Elle indique également les qualités, espèces et natures de produits à l'origine des créances impayées, exprimées par appellation ou dénomination, en volume d'alcool pur pour les alcools, en volume effectif, par couleurs, par appellation ou dénomination pour les produits intermédiaires, les vins, les cidres et les poirés.

A compter de cette saisine, les dispositions prévues au dernier alinéa de l'article R. 632-8-3 et à l'article R. 632-8-4R. 632-8-4 sont applicables.

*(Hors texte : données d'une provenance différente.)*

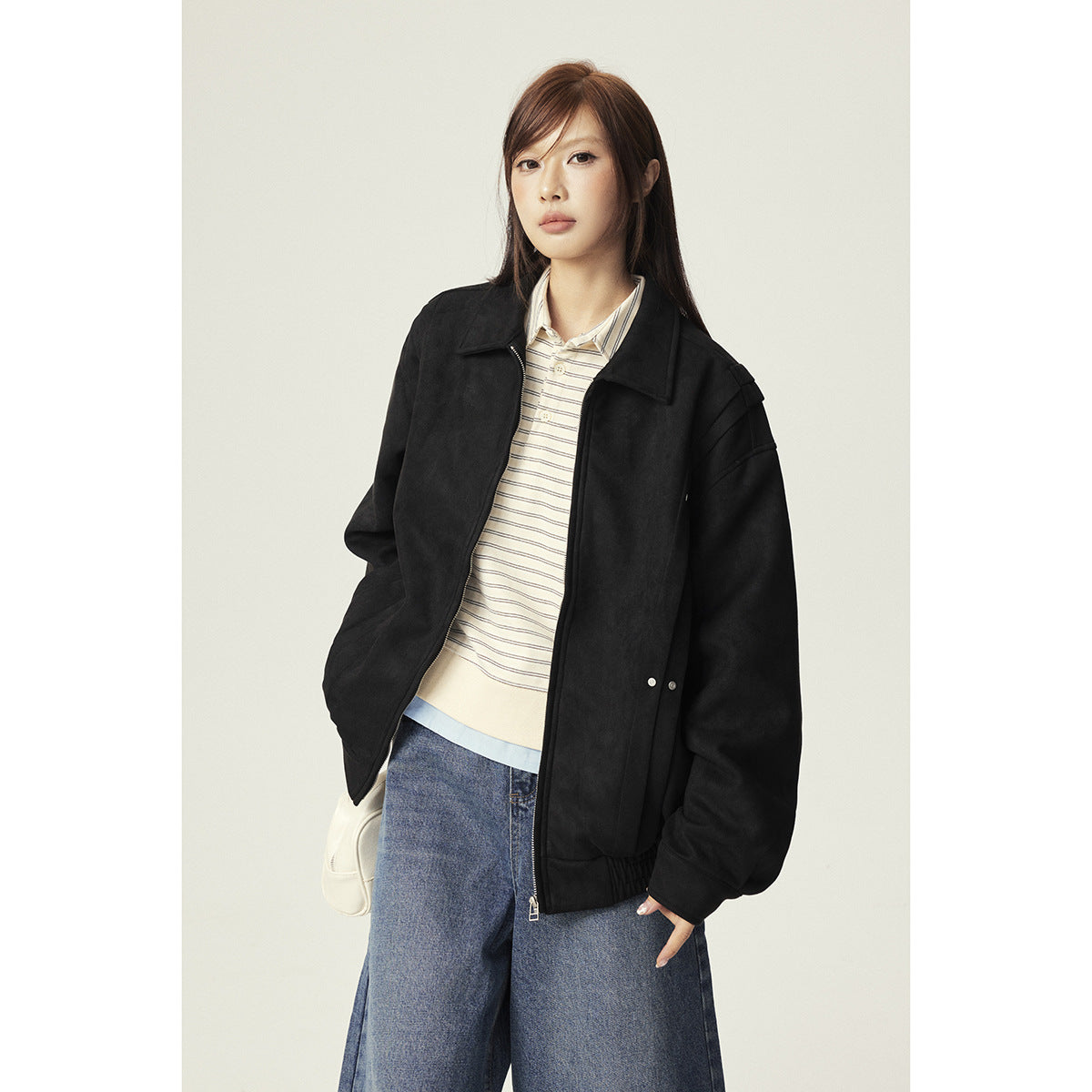 Model wearing an oversized black zip-front jacket with a pointed collar and gathered hem.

La mesure de blocage est levée dès que le directeur régional des douanes et droits indirects a connaissance du paiement complet des créances :

- soit par l'information qui lui en est donnée par l'organisation interprofessionnelle ;

- soit par la présentation par le débiteur d'une quittance délivrée par l'organisation interprofessionnelle.

Dans tous les cas, l'administration notifie la levée du blocage au débiteur.

Toute action en recouvrement des cotisations dues par les producteurs et transformateurs de lait au titre des accords homologués selon la procédure fixée à l'article L. 632-12 doit être précédée d'une mise en demeure adressée aux personnes physiques ou morales intéressées par lettre recommandée avec demande d'avis de réception.

Si la mise en demeure prévue à l'article D. 632-9 n'est pas suivie d'effet dans un délai de quinze jours, les cotisations sont recouvrées suivant les voies du droit commun en matière civile ou commerciale. Toutefois, pour le recouvrement des cotisations de l'année en cours et des deux années précédentes, la procédure d'injonction de payer prévue aux articles 1405 et suivants du code de procédure civile peut être utilisée même si la créance n'a pas un caractère contractuel.